Perhaps the best approach is to look at what has worked before. “Call me Ishmail”, from Moby Dick, immediately bonds the reader and narrator. " It was the best of times, it was the worst of times…", from A Tale of Two Cities, drops the reader squarely into the story’s world - total immersion in one step. Dickens then goes on to construct one of the greatest opening paragraphs in literature, beautifully and poignantly listing the many dichotomies of the human condition.

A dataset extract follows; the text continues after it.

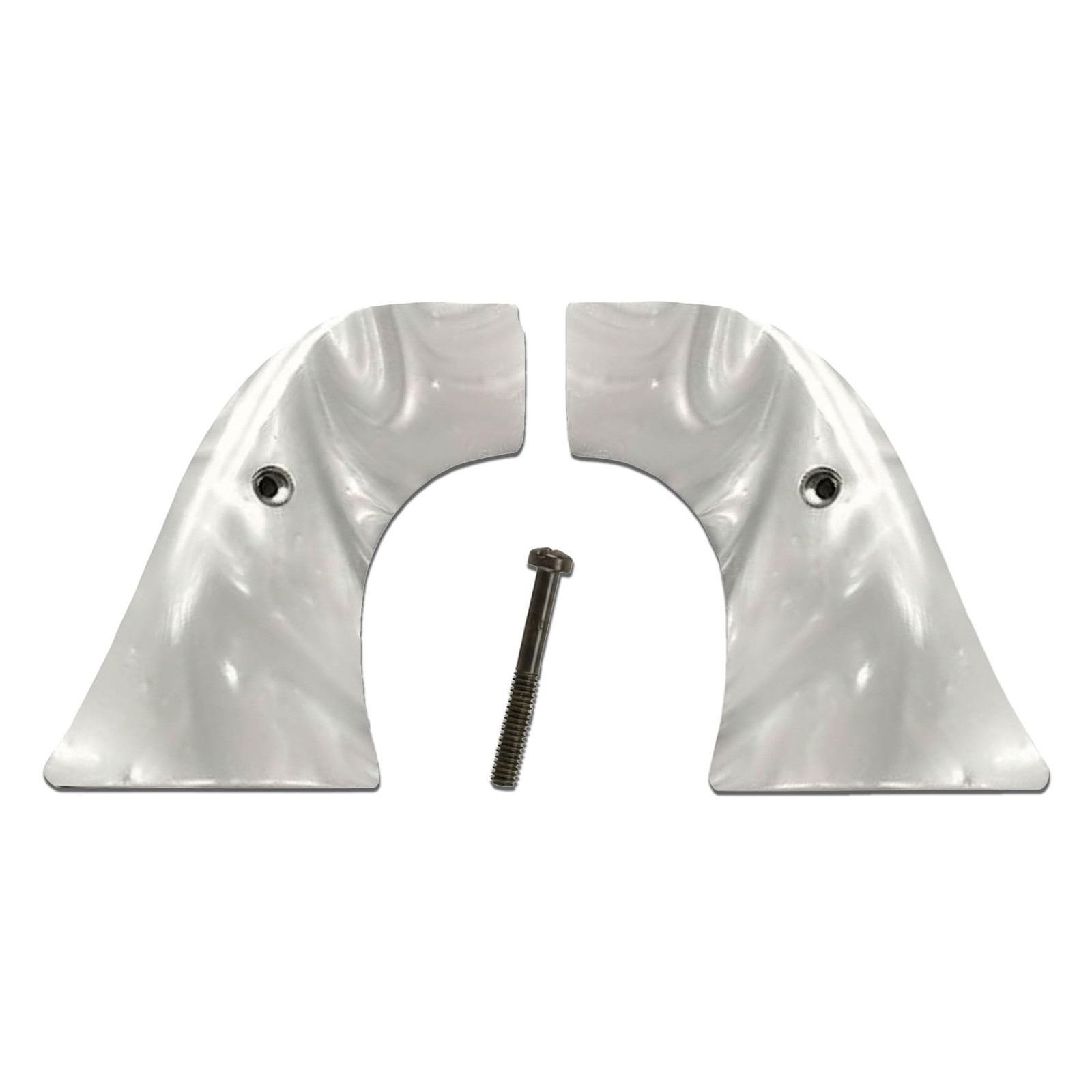 Premium Gun Grips Compatible Replacement for Ruger Wrangler .22 Model Faux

Science Fiction offers some of the greatest opening lines of all. Perhaps it has an advantage because this genre is all about “what if?”. Curiosity, adventure, disorientation, aspiration, warning, and humanity all spring from that simple question.
Two of the greatest sci-fi novels of all time simply threw the reader off-kilter right at the start:
“A SQUAT grey building of only thirty-four stories” - BNW (1932)
“It was a bright cold day in April, and the clocks were striking thirteen.” - Nineteen Eighty-Four (1949)
The first line of FOUNDATION as I read it as a young farm boy sitting in a tree was “His name was Gaal Dornick and he was just a country boy who had never seen Trantor before.” Hooked. The original (1942) version was “Hari Seldon was old and tired.” Meh. From FOUNDATION’S TRIUMPH (1999) “Little is known about the final days of Hari Seldon…” Ah, better.
Movies too:
“A long time ago in a galaxy far, far away…” (SW)
“The world is changed.” (LOTR)
“No one would have believed in the last years of the nineteenth century…" (WOTW)
“Rosebud.” (Wells & Welles, a fun rabbit hole)
I’m not a prolific or skilled reader. I ask, what are some other great openings in science fiction?